Припомним затем, как бьющему из тех же источников духу немецкой философии дана была возможность, благодаря Канту и Шопенгауэру, уничтожить спокойную жизнерадостность научной сократики ссылкой на её пределы и указанием таковых, как этим указанием было положено начало бесконечно более глубокому и серьёзному рассмотрению этических вопросов и искусства; каковое рассмотрение мы смело можем назвать облечённой в понятия дионисической мудростью. На что указывает нам это таинственное единство немецкой музыки и немецкой философии, как не на новую форму существования, с содержанием которой мы можем познакомиться только предположительно из эллинских аналогий? Ибо для нас, стоящих на рубеже двух различных форм существования, эллинский прообраз сохраняет ту неизмеримую ценность, что в нём в классически-поучительной форме отчеканены и все упомянутые переходы и битвы; разве что мы переживаем главнейшие эпохи жизни эллинского духа как бы в обратном порядке и теперь как бы переходим из александрийского периода назад, к эпохе трагедии. При этом в нас живо чувство, что рождение трагического века для немецкого духа означает лишь возвращение его к самому себе, блаженное обретение себя, после того как долгое время непреоборимые чужеродные силы держали его, жившего в беспомощном варварстве формы, под ярмом своих собственных форм. Теперь ему дана наконец возможность вернуться к первоисточнику своего существа и выступить свободно и смело перед лицом всех народов без помочей романской цивилизации, если только он сумеет при этом неукоснительно воспользоваться уроками того народа, учиться у которого вообще есть уже высокая честь и выдающаяся редкость, а именно уроками греков. И когда же нам учиться у этих величайших наставников, как не теперь, когда мы переживаем возрождение трагедии и подвержены опасности не знать, откуда она явится, и не быть в состоянии истолковать себе, куда она стремится!

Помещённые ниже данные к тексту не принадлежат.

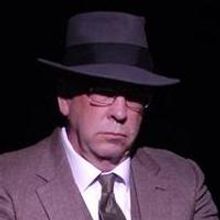 BWW Reviews: Paying Tribute to the DEATH OF A SALESMAN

Следовало бы когда-нибудь перед лицом неподкупного судьи взвесить, в какое именно время и в лице каких людей немецкий дух сильнее всего боролся за право учиться у греков; и если мы с уверенностью признаем, что эта единственная в своём роде похвала должна быть присуждена благороднейшей борьбе за просвещение, которую вели Гёте, Шиллер и Винкельман, то придётся прибавить во всяком случае, что с того времени и со времени ближайших последствий этой борьбы стремление одним и тем же путём прийти к просвещению и к грекам непостижимым образом становится всё слабее и слабее.